I remember in high school and college becoming physically sick about public speaking. To the point where I would accept lower grades just to get back to my comfort zone..which was not being in front of people. I went for perfection in the areas that I knew, and didn’t feel comfortable trying anything different.
I promised myself I would NEVER get in front of crowds after graduating. I would occasionally have to speak to small groups early in my career, and every time it would cause me to lose sleep and have an upset stomach.
I got to a point in my career about five years ago, where there were new promotions I could go after, but part of that would require me to get in front of mid-sized groups. I almost stayed where I was, because it was comfortable and easy and I almost gave up on ever getting over my fear. But instead, I went for it, scared as hell of failure, very anxious and certain I wouldn’t be “perfect” at it.

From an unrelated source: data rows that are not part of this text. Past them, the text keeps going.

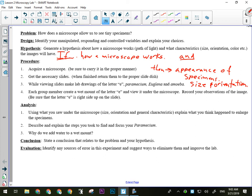We are going to do the observations in this order. Letter E, number one. Amoeba, number two. Paramecium, number three. And euglena last. Make sure that we do them in that order because they do get progressively more difficult and smaller. And as a result, you need a little more experience each time. So you're going to make a wet mount of the letter E. That's the first thing you're going to do.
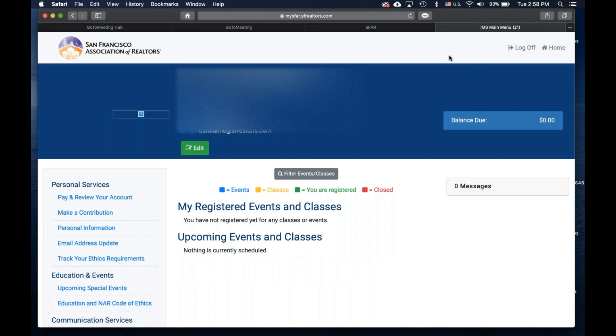So here's a Billing Profile page. On this account, there are no outstanding invoices for payment, so the balance due is zero.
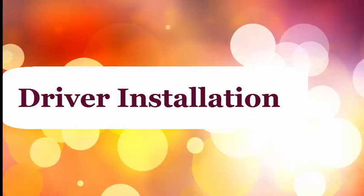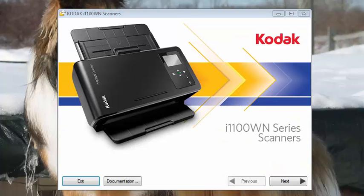In this video, I'm going to show you the driver installation for the Kodak i1100 WN Scanner Series. Insert the DVD. The installation wizard will start automatically.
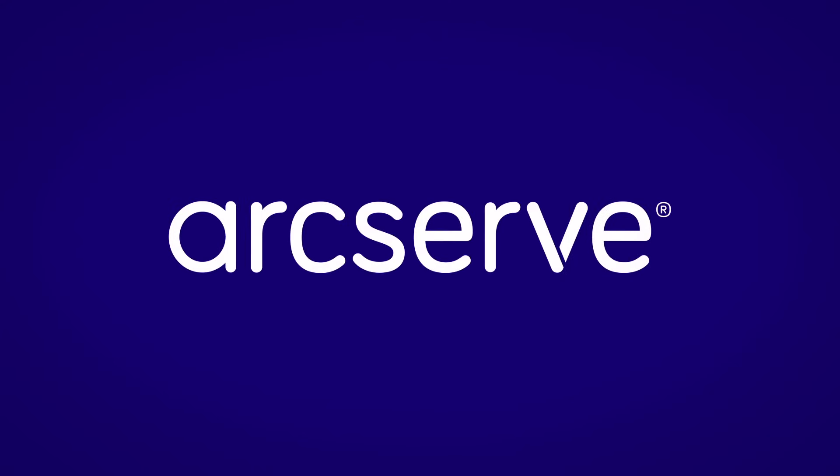If you would like to learn about how we can help you protect your precious digital assets from ransomware attacks and strengthen your data resilience strategy, go to www.arcserve.com.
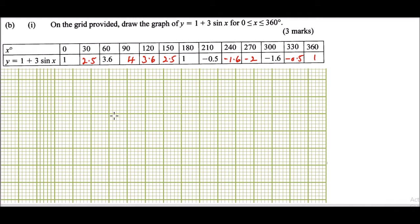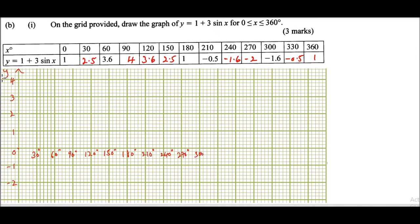On the y-axis, we mark 1, 2, 3, and 4 going upward, and minus 1, minus 2 going downward. On the x-axis, we mark degrees: 0, 30, 60, 90, 120, 150, 180, 210, 240, 270, 300, 330, and 360. We then identify the points from our table.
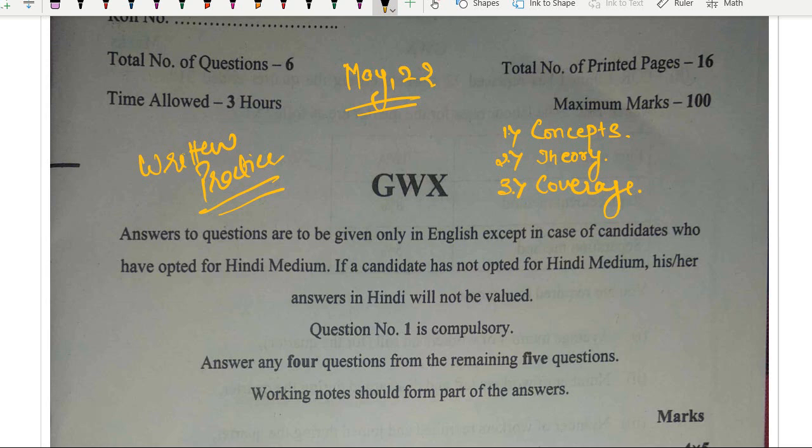Detailed question paper discussion will come later. This was the overall analysis — an average paper but definitely a lengthy paper. All the best for your upcoming exams. Whoever appeared for this exam — just forget about it. Whatever you have done, just totally forget about it.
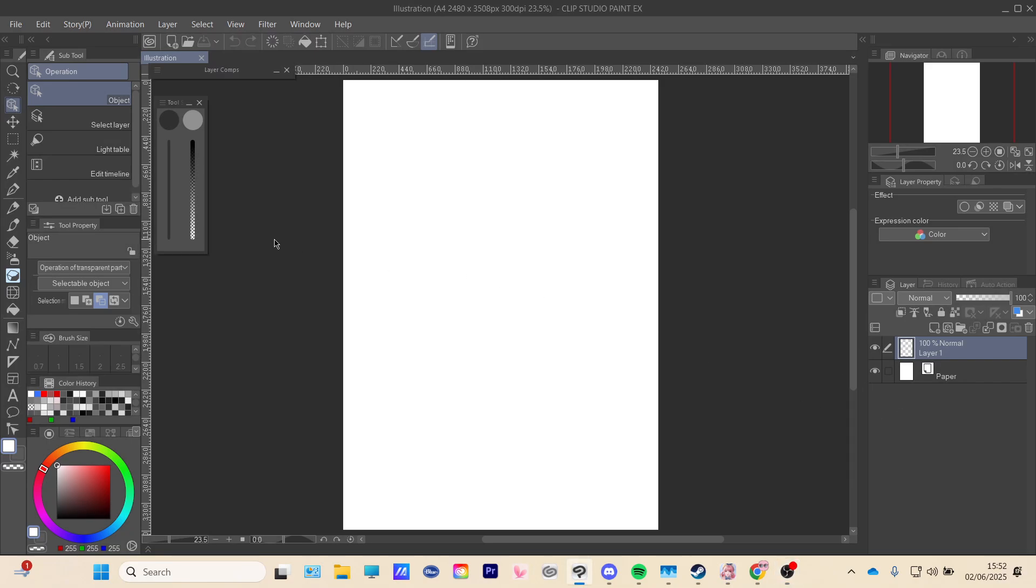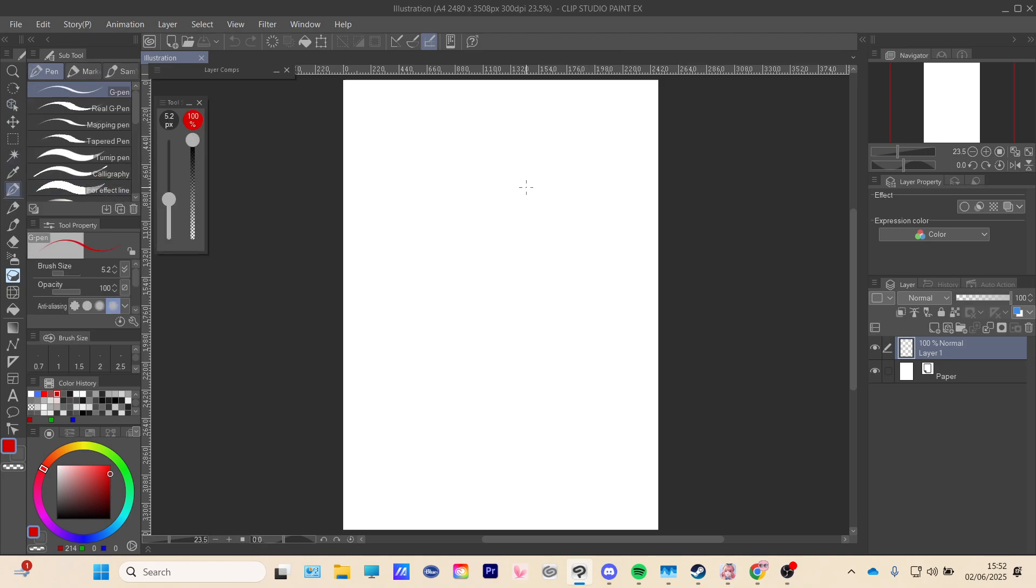Hello everyone, welcome back to another video. Today I will show you how to copy and paste in Clip Studio Paint. So first of all, let's say you just have some kind of drawing, let's say you have a smiley face and you want to copy this.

It was outside of my comfort zone, but I continued to practice, visibly shaking the first few times I had to present, lost a lot of sleep, practiced some more, but watched as the groups slowly started growing in size, so did my confidence and I found that it’s something I actually enjoy.
I have also found some deep breathing and yoga routines that help get me in the right mindset if I am feeling nervous or anxious. I currently present frequently to small to mid-sized groups, and it gets easier every time I do it.
Today, 5 years after making a professional and personal development goal of getting more comfortable with one of my biggest fears, something happened. I had my largest stage and largest audience to date. And I wasn’t nervous or anxious at all, but rather felt EXCITED and GRATEFUL for the opportunity. I didn’t even use the notes that I made for myself.
Making a long story longer. 🤷♀️
I definitely think this book had some impact on my mindset shift and highly recommend reading this, along with listening to Reshma Saujani’s TedTalk. Be brave, not perfect!!
What fear do you have that you’ve been able to overcome or that’s still holding you back today?